The destruction of Kamurocho, the sandbox city so vividly realised in Yakuza 4, feels more poignant than it might in another zombie title. Not only have we explored its every hostess bar, convenience store and casino in previous games, but after the real devastation of Japan it's sobering. And when March 11's tsunami washed away whole towns, guess who was first on the ground to help survivors? The government? The army? In many cases, it's reported, it was the Yakuza.
It's impossible not to think about this as you control Shun Akiyama, the first of four playable characters, as the zombie holocaust unfolds around you, communications go down and the death toll begins to rise.
Of The End is a major departure for this uniquely physical crime series. OK, it retains many of the things that made the previous games so great - a rich story told with humour, a detailed portrayal of one of Tokyo's sleaziest nightspots complete with real-world shops and products, gorgeously animated and acted cutscenes and even, surprisingly, the cast of recent games.
That's rumpled-cool loanshark Shun Akiyama, ex-gangster and series main man Kazuma Kiryu, the eye-patched Majima family-head Goro, and the gun-armed Ryuji Goda. But Yakuza is, for the first time, not about martial arts. Of The End is an action shooter.

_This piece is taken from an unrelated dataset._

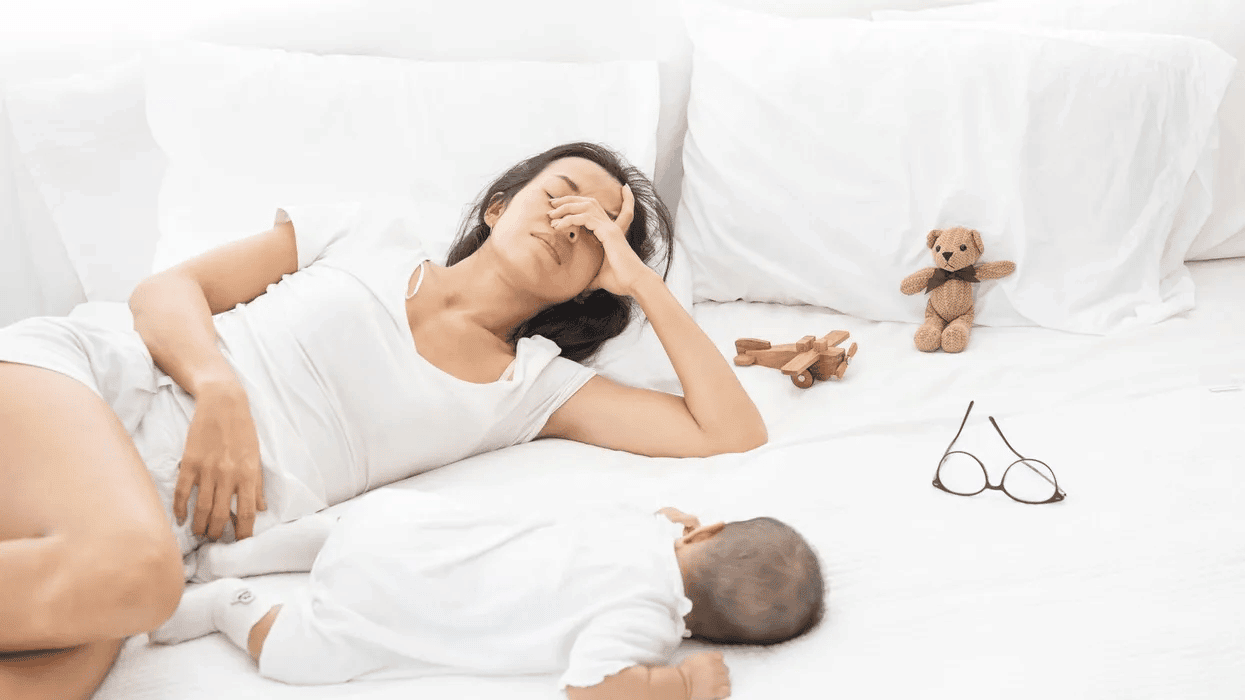 What no one tells you about your post-baby period woman-laying-with-baby-in-pain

The tech is recycled from Yakuza 4, but tweaked to accommodate gunplay. You aim your shots with R2, or simply run and gun by bashing square and letting the auto-aim do its thing. It's more Dead Rising than Resident Evil, arcade action where scores of zombies stream from doorways, drains, bridges - everywhere.

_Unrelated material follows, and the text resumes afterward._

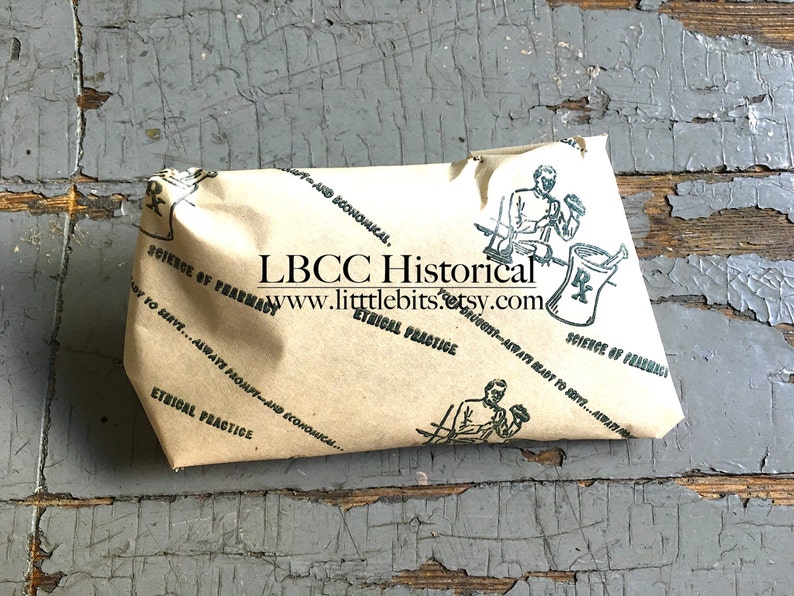 Puede incluir: Un paquete envuelto en papel marr&oacute;n con ilustraciones verdes y texto, incluyendo "Ciencia de la farmacia" y "Pr&aacute;ctica &eacute;tica". El paquete est&aacute; sobre una superficie gris desgastada. El texto "LBCC Historical" y una direcci&oacute;n web tambi&eacute;n son visibles.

Mow them down and chain up combos; the higher your score, the more Soul Points you accrue. These are then used to level up fighting moves, fire-power, armour, inventory capacity and so on.
For a shooting game, there's not much variety in the armoury. Each character has his own preferred weapon: Akiyama favours dual pistols, Majima packs a super-powered shotgun, Kiryu plumps for an assault rifle and Goda, well... his whole arm transforms into a Gatling gun.
Obviously. But where does he load all the bullets? You can pick up a few new firearms and upgrade, but if you're hoping to amass an arsenal, this isn't the game for you.
Happily, as before you can also grab nearby objects as weaponry, and find yourself bending a bicycle, fuel drum or potted plant over the skulls of wrongdoers. Here it's brilliant for crowd control, for clearing a space around you before you open fire, and it lends the game a unique hybrid dynamic. Flamethrowers, chainsaws and fire extinguishers are less common but more deadly.
You also have a Heat Gauge, which creeps up a little with every undeadoffed. Fill it and certain objects - the gas tank of an oil truck, steam pipes, high-pressure canisters - can then be targeted with a stab of triangle and blown up with a Heat Snipe QTE, decimating crowds of zombies at a time.